Page 2 of 2

Re: compiled or interpreted

Posted: Tue May 01, 2012 2:33 pm
by AndrewAPrice
berkus wrote:The idea of different frontends compiling into the same bytecode supported by the backend still holds for the DIY if you want to avoid the proliferation of "different compilers".
I agree with you there. I just don't want to use LLVM - it has different goals and considerations to mine - particularly in regards to memory safety.

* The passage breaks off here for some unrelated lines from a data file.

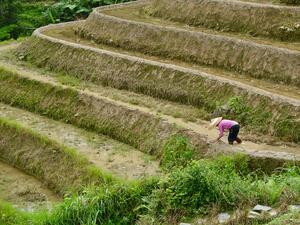 Почти 98 процента от основните земеделски продукти произведени в Китай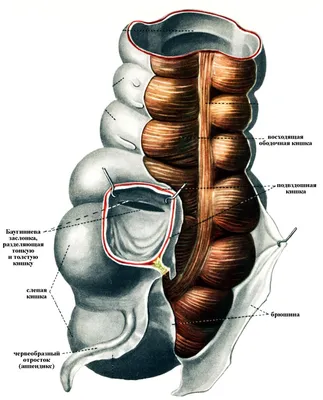 Анатомия и физиология желудочно-кишечного тракта человека - кратко - YouTube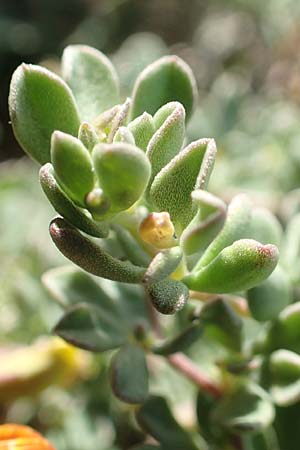 Lotus halophilus \ Salzliebender Hornklee, Chios Olimbi, Agios Dynami 1.4.2016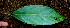  ( - BioBot01741)  @11 [ ] CreativeCommons - Attribution Non-Commercial Share-Alike (2010) Daniel H. Janzen Guanacaste Dry Forest Conservation Fund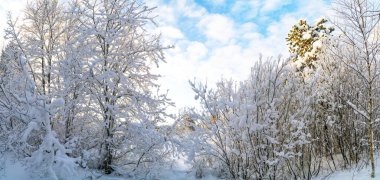 Kar, kış ormanlarını kaplamıştı. Leningrad bölgesi. Vsevolozhsk.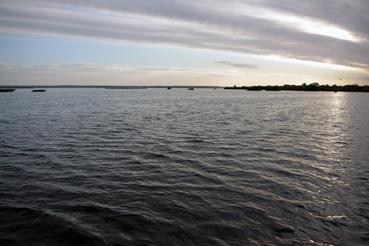 Iconographie - Pêche sur le lac de Grand-Lieu avec Fabrice Batard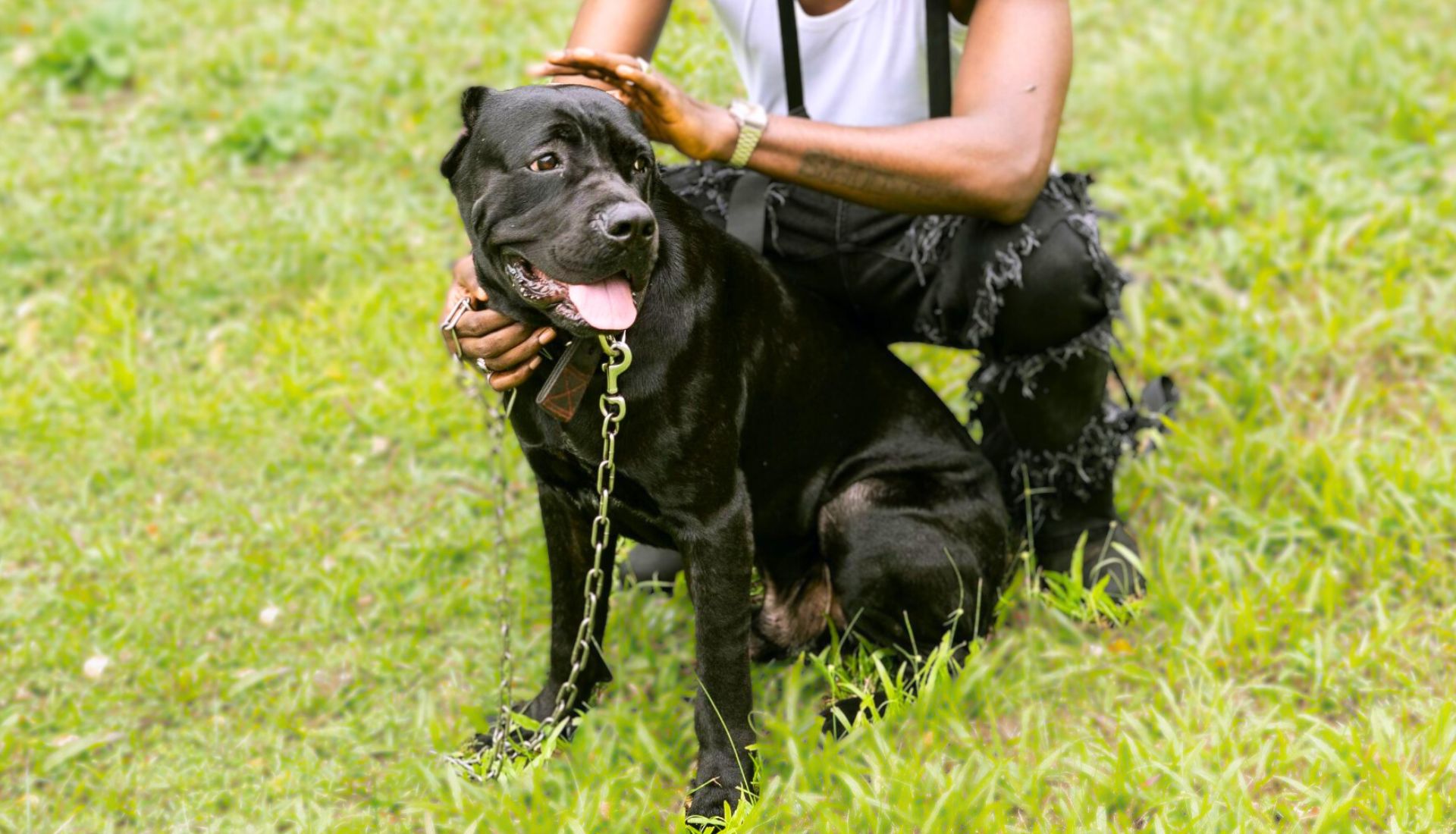 Cane Corsos And Their Athletic Abilities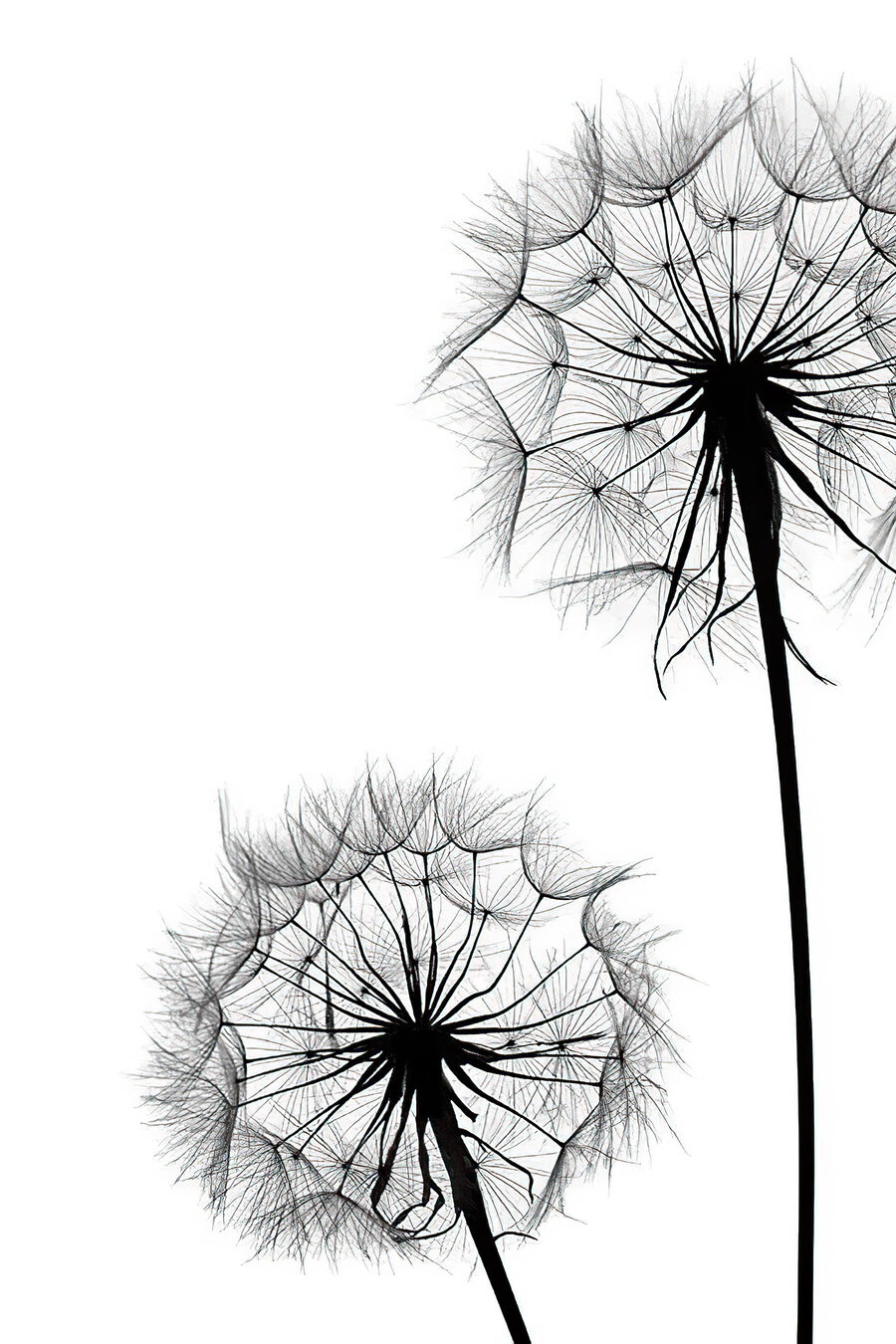 Soffioni su sfondo bianco — design completo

Re: compiled or interpreted

Posted: Tue May 01, 2012 2:45 pm
by Rudster816
MessiahAndrw wrote:
berkus wrote:Enter LLVM.

Where different frontends (C, Lua, Fortran, whatever) compile into the same bytecode representation, from which a single optimizing translator can generate code for nearly any architecture.
But that's less fun than DIY.
But DIY is entirely impractical. You'll learn a lot from doing it yourself, and that is invaluable, but from a usability standpoint, porting LLVM or even GCC is a by far the superior option. If you're developing a new ISA, porting GCC (and to a slightly lesser extend LLVM) to it opens up a million doors that creating your own compiler doesn't. Once you've got it ported, you pretty much just have to sit back and relax as thousands of open source projects develop for your platform courtesy of GCC\LLVM compatibly. You'll of course have to figure out the whole OS situation, but porting Linux isn't to a hardware's ISA isn't difficult, so you can take care of that too in that case if you want to go that route.

In short, if you actually want the possibility of other people using your OS with a managed userland, proving a backend for LLVM is the obvious way to go. If you can emulate or provide basic POSIX calls, you'll make your job a lot easier. But that pretty much goes without saying.

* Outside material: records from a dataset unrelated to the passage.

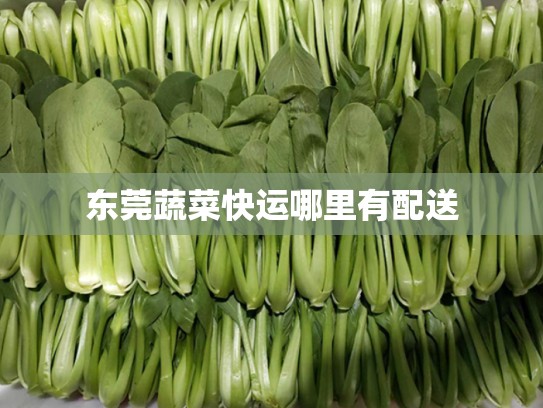 东莞蔬菜快运哪里有配送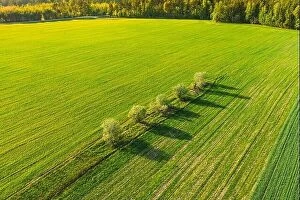 Aerial Landscape Collection: Aerial Top View Of Agricultural Landscape With Trees In Spring Field, Summer Meadow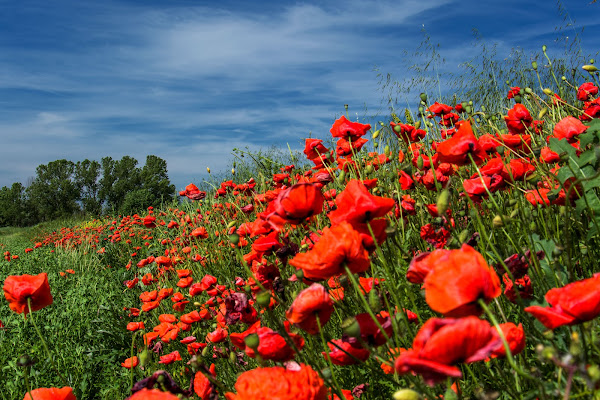 Zona rossa,verde e blù di vaiolet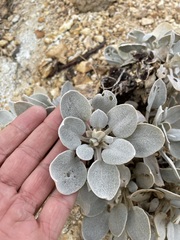Eriogonum robustum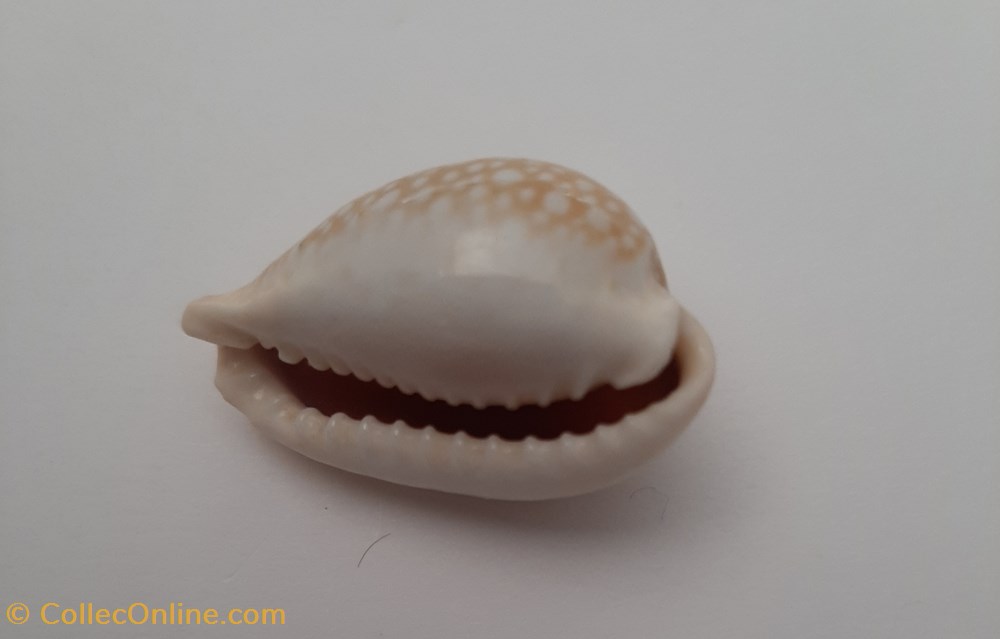 conchas fosiles gastropoda cypraea miliaris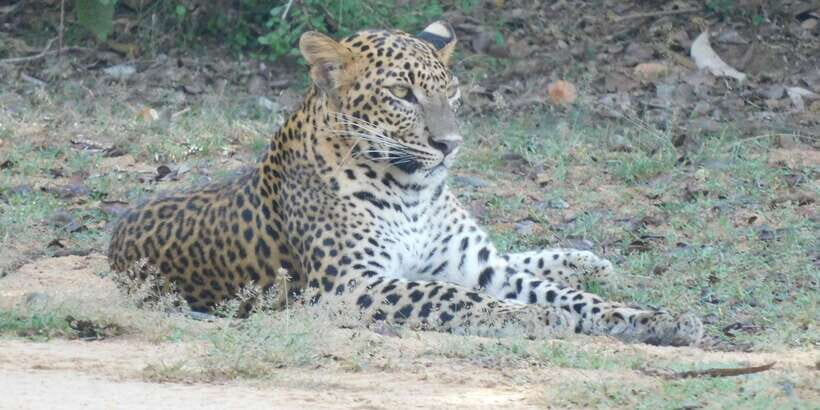 Yala Safari Tour from Hambantota Port area (Shore Excursion) - Comfort on bumpy tracks: the practical notes you’ll want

Re: compiled or interpreted

Posted: Tue May 01, 2012 3:18 pm
by AndrewAPrice
Rudster816 wrote:In short, if you actually want the possibility of other people using your OS with a managed userland, proving a backend for LLVM is the obvious way to go.
Choosing LLVM bytecode would go against the core architecture of my OS and the reason I choose to use bytecode in the first place. I'm not trying to attract as many users as possible, I want to develop the kind of OS I dream about.

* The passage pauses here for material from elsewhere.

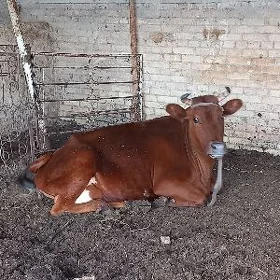 yuwaş sygyr 3garyn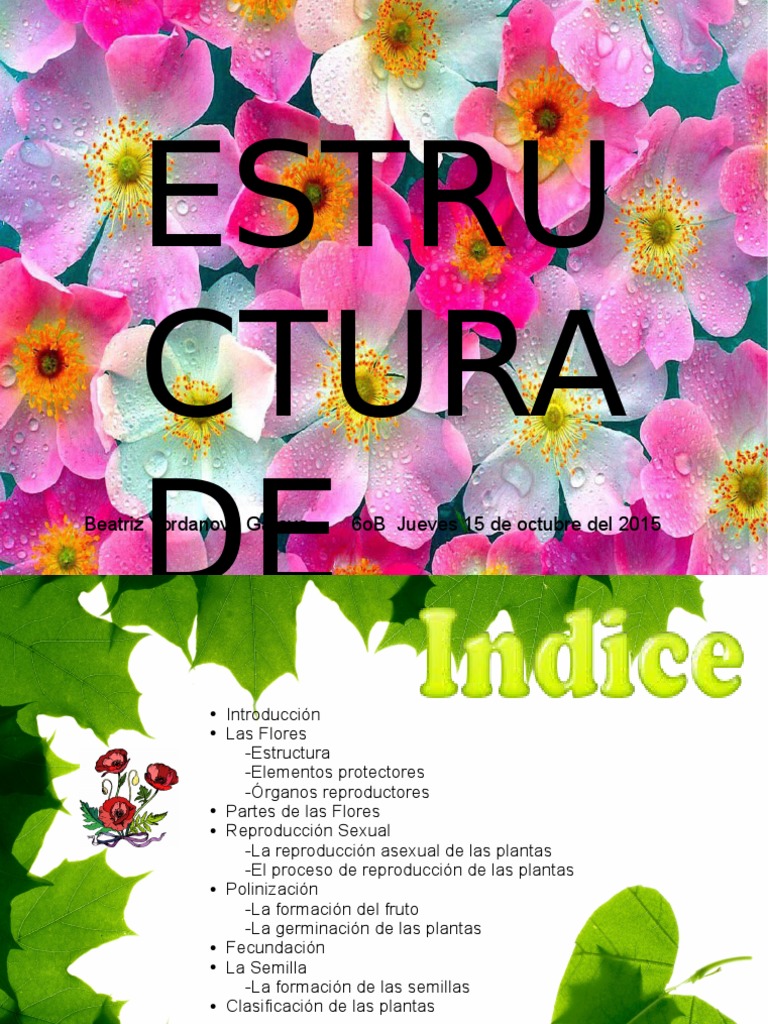 Estructura y Reproducción de Flores | PDF | Flores | Plantas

LLVM's bytecode is about being a common instruction set for front ends to compile to, allowing the backend to deal with platform dependent code generation and optimisation.

My bytecode is about aiming for memory safety and inter process compatibility (shared interfaces and objects), as is more akin to Java or .Net bytecode.
Rudster816 wrote:If you can emulate or provide basic POSIX calls, you'll make your job a lot easier. But that pretty much goes without saying.
I could always implement a userland POSIX compatibility layer that allows you to run binutils, GCC, bash. But at this stage, I really don't care about making Yet Another POSIX Clone.

I got into OS development for the beauty of starting from scratch - for building the perfect software platform. My aim isn't to get people running Bash, KDE, Firefox on top of my OS to the point where it looks, behaves, and feels like any other UNIX compatible system.

Re: compiled or interpreted

Posted: Tue May 01, 2012 4:50 pm
by Rudster816
MessiahAndrw wrote:
Rudster816 wrote:In short, if you actually want the possibility of other people using your OS with a managed userland, proving a backend for LLVM is the obvious way to go.
Choosing LLVM bytecode would go against the core architecture of my OS and the reason I choose to use bytecode in the first place. I'm not trying to attract as many users as possible, I want to develop the kind of OS I dream about.

LLVM's bytecode is about being a common instruction set for front ends to compile to, allowing the backend to deal with platform dependent code generation and optimisation.

My bytecode is about aiming for memory safety and inter process compatibility (shared interfaces and objects), as is more akin to Java or .Net bytecode.
Rudster816 wrote:If you can emulate or provide basic POSIX calls, you'll make your job a lot easier. But that pretty much goes without saying.
I could always implement a userland POSIX compatibility layer that allows you to run binutils, GCC, bash. But at this stage, I really don't care about making Yet Another POSIX Clone.

I got into OS development for the beauty of starting from scratch - for building the perfect software platform. My aim isn't to get people running Bash, KDE, Firefox on top of my OS to the point where it looks, behaves, and feels like any other UNIX compatible system.
I never said that you should use the LLVM bytecode for your userland. What I meant was that you create an LLVM backend for YOUR bytecode\ISA. That way users can write code in any LLVM frontend language that has your OS's headers\class libraries\whatever with just the work of writing the "include" files and mapping them to your OS's API. You can then use LLVM to statically compile the source into your bytecode, and execute it on your VM.

Re: compiled or interpreted

Posted: Tue May 01, 2012 5:44 pm
by AndrewAPrice
Rudster816 wrote:I never said that you should use the LLVM bytecode for your userland. What I meant was that you create an LLVM backend for YOUR bytecode\ISA. That way users can write code in any LLVM frontend language that has your OS's headers\class libraries\whatever with just the work of writing the "include" files and mapping them to your OS's API. You can then use LLVM to statically compile the source into your bytecode, and execute it on your VM.
I'm sorry, I misinterpreted what you were trying to say. That certainly is possible. There are many C to JVM compilers out there. Some convert C straight into Java, while others compile C to MIPS binaries, then translate it to Java bytecode.

But outputting LLVM (which allows arbitrary memory access) to my bytecode (which does not) would be an interesting challenge. I've seen some Java compilers get around this by treating memory as a large array, and pointers as indices into the array. As long as you provided your own malloc/free implementation that could grow or shrink this array during run time, this would be fairly flexible, albeit slow.

It would be even more interesting to see how you would handle pointer arithmetic on functions, self modifying code, or another JIT that tries to output x86 code.